[Image-caption web data]
————————
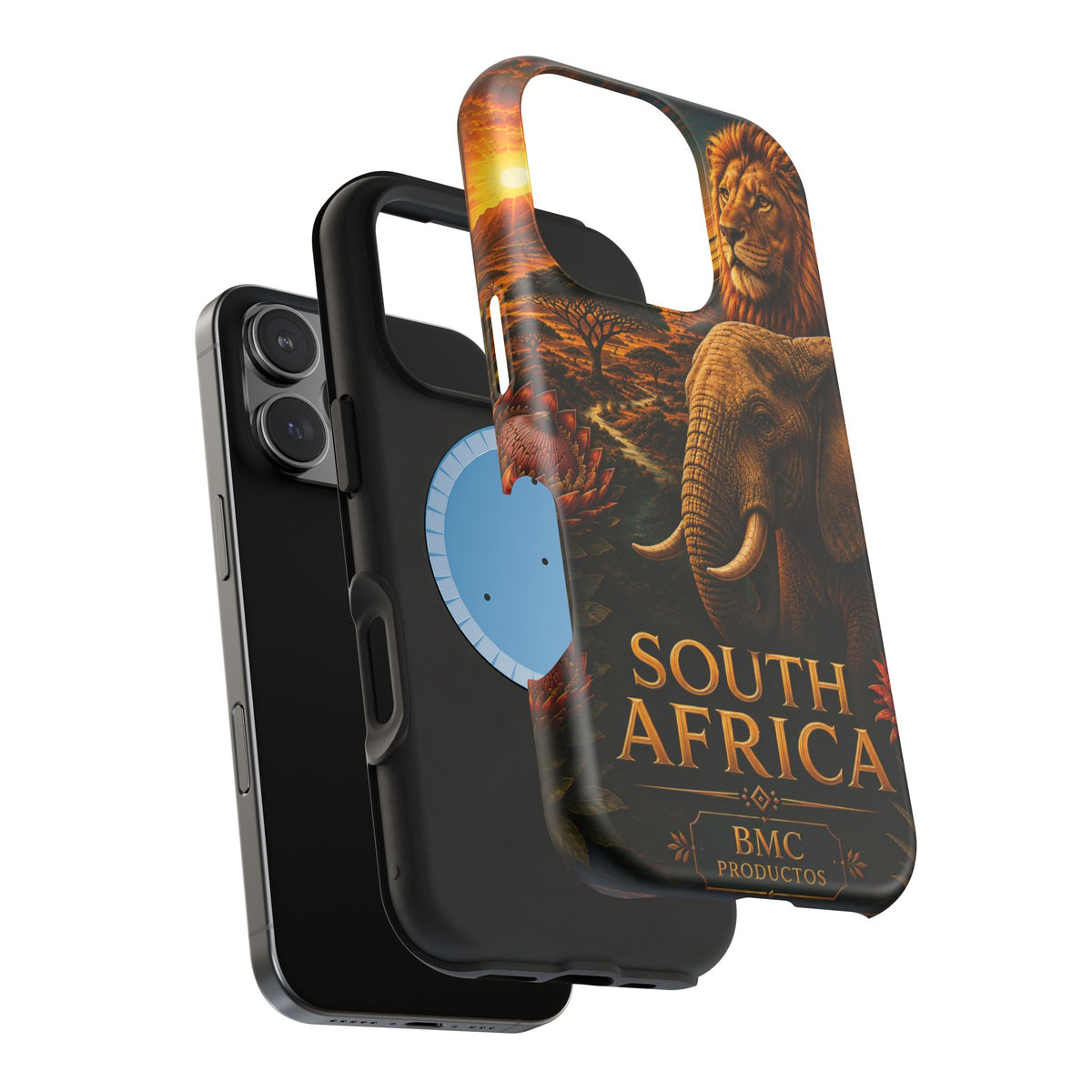 "Reinforced Magnetic Case South Africa 🌍 – A world of adventure and diversity"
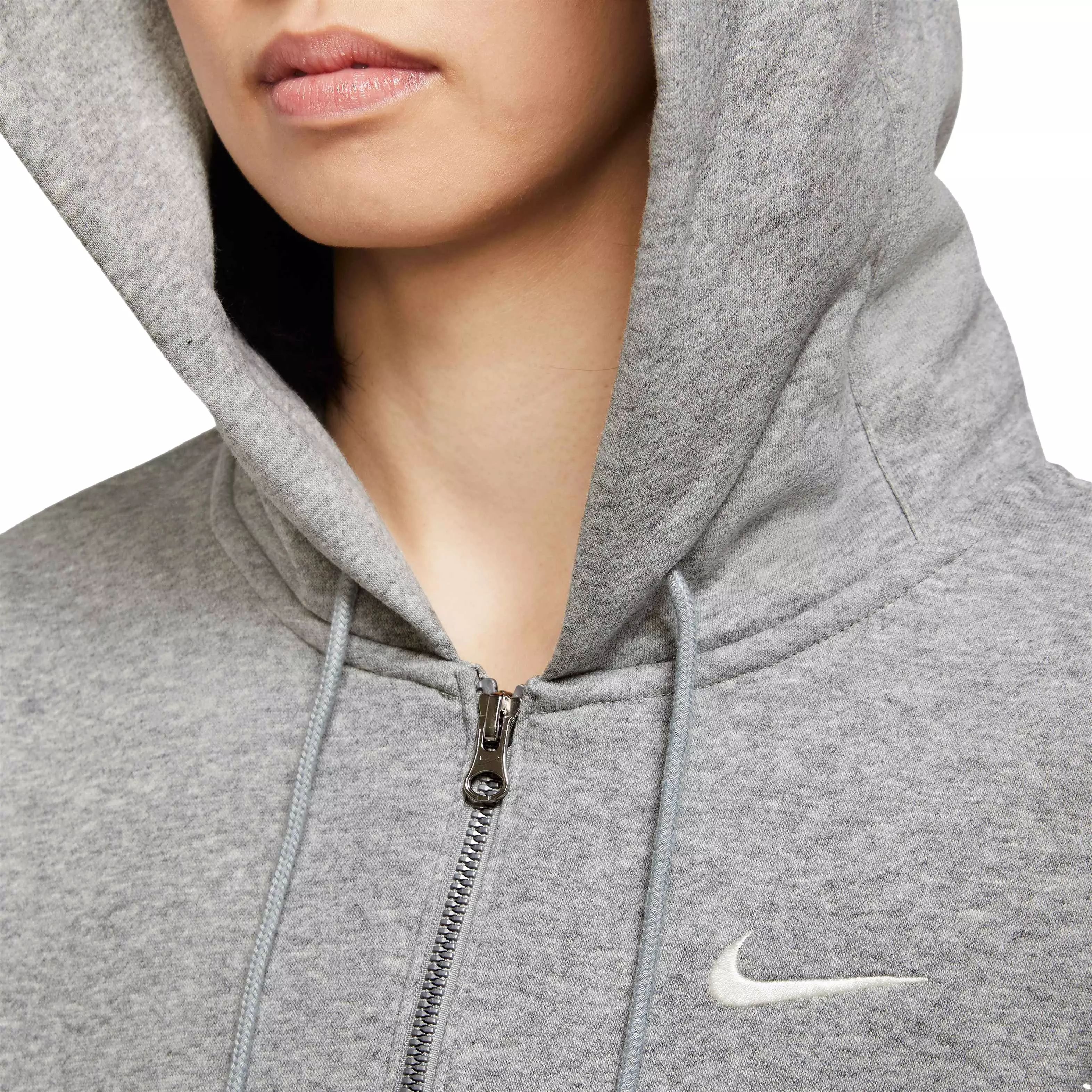 Nike Women's Sportswear Phoenix Fleece Oversized Full-Zip Hoodie - GREY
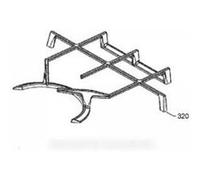 GRILLE FONTE DROIT OU GAUCHE pour table de cuisson ARTHUR MARTIN ELECTROLUX FAURE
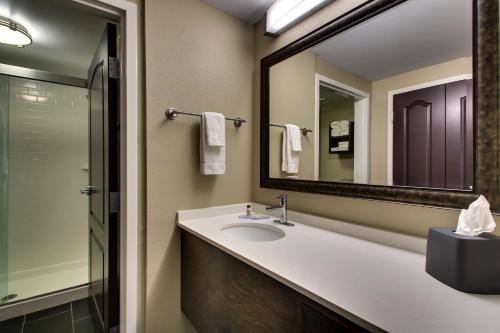 a bathroom with a sink and a mirror at Staybridge Suites - Rock Hill by IHG in Rock Hill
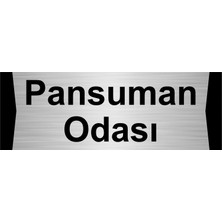 Özarslan Dizayn Pansuman Odası 7X20CM Gümüş Renk Metal Yönlendirme Levhası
————————
(WORK REQUEST): Reproduce the data exactly, please, and omit its pictures.

(OUTPUT):
 "Reinforced Magnetic Case South Africa 🌍 – A world of adventure and diversity"
 Nike Women's Sportswear Phoenix Fleece Oversized Full-Zip Hoodie - GREY
 GRILLE FONTE DROIT OU GAUCHE pour table de cuisson ARTHUR MARTIN ELECTROLUX FAURE
 a bathroom with a sink and a mirror at Staybridge Suites - Rock Hill by IHG in Rock Hill
 Özarslan Dizayn Pansuman Odası 7X20CM Gümüş Renk Metal Yönlendirme Levhası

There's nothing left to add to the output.